#### SOURCE MATERIAL
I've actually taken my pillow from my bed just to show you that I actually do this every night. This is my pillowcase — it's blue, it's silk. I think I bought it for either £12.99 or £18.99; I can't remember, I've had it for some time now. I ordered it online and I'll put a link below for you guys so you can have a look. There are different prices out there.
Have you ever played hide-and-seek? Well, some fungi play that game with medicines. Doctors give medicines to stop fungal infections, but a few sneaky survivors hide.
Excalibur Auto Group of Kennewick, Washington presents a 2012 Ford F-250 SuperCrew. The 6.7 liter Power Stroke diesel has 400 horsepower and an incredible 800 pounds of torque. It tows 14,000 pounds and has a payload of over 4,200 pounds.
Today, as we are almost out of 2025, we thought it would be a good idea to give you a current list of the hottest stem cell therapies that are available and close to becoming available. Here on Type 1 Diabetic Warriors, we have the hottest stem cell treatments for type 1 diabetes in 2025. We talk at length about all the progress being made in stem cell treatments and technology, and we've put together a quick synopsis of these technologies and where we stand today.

* * *

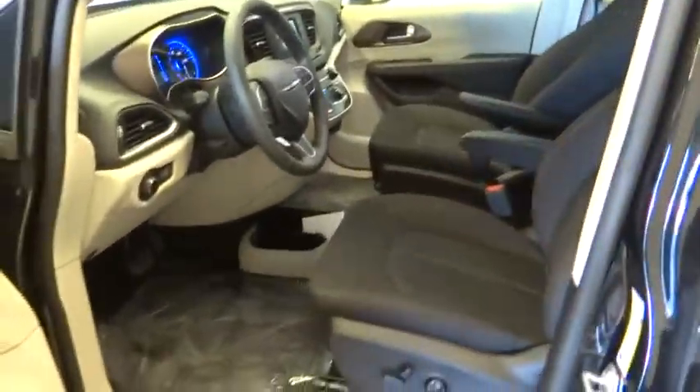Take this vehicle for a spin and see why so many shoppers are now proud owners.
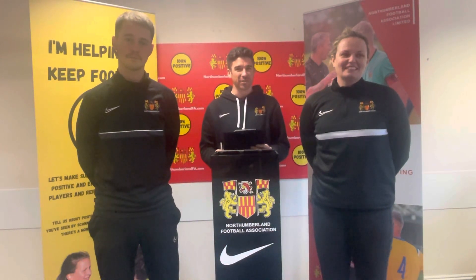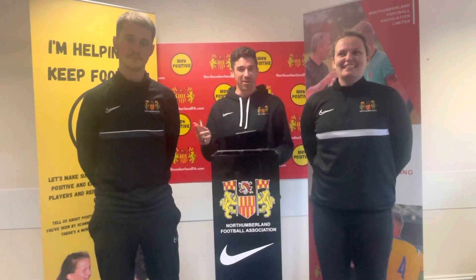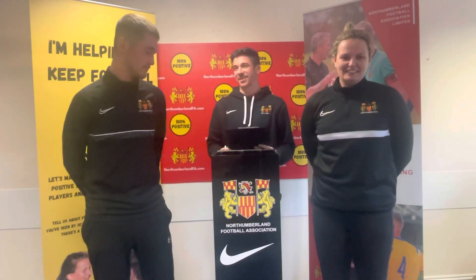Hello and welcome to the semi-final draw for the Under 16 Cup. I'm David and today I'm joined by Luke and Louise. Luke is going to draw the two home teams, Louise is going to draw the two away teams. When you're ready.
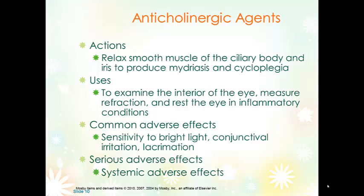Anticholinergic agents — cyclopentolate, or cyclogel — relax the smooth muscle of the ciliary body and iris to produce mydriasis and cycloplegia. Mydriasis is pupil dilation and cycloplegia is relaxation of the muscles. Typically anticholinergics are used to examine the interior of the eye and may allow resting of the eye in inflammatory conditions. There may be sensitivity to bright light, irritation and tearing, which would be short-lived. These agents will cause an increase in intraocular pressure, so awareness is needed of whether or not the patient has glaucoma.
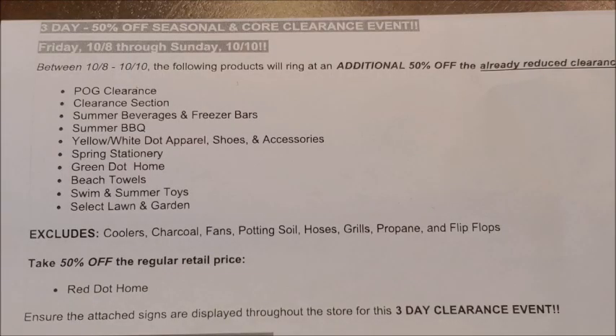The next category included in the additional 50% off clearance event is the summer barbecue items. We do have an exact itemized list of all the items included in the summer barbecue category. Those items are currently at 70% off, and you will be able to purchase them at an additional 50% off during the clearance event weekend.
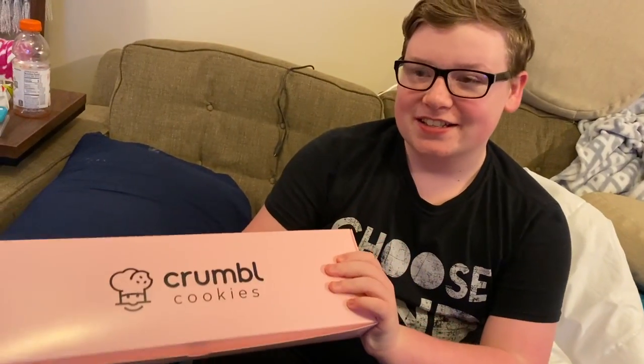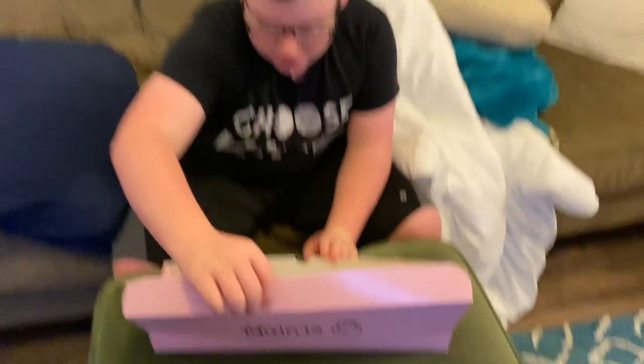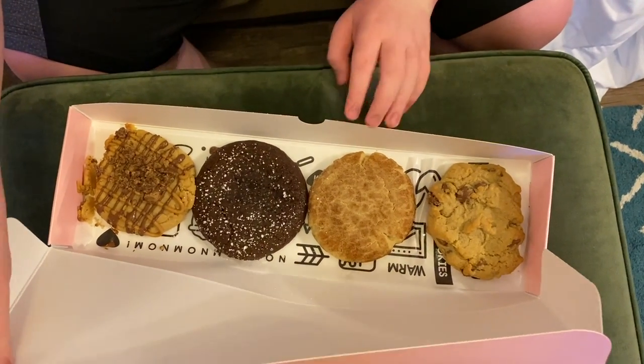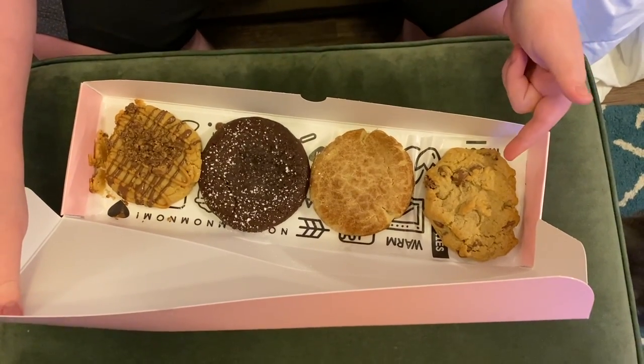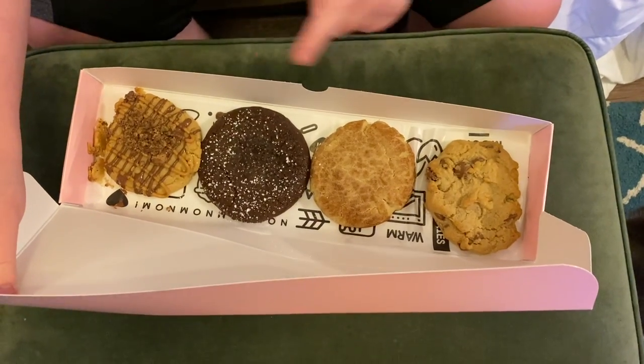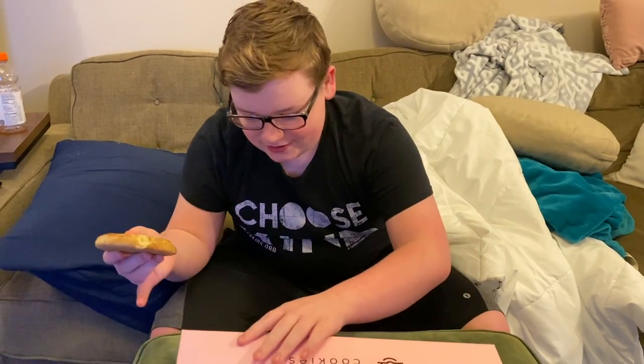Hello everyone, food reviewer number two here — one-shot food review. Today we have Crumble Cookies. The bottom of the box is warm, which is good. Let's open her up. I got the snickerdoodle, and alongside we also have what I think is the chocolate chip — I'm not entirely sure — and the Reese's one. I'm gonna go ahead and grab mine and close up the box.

==

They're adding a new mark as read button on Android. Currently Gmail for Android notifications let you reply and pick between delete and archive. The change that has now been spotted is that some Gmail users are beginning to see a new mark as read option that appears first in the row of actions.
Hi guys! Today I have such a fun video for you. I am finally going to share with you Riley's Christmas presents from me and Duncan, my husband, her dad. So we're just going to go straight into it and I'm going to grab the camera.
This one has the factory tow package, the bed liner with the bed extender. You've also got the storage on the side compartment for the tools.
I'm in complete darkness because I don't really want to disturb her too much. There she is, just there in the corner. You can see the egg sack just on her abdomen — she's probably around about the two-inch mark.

#### WHAT YOU SHOULD DO
Count every line in the data where the string "from" occurs. Give nothing except the number.

#### ANSWER TO THIS PROBLEM
2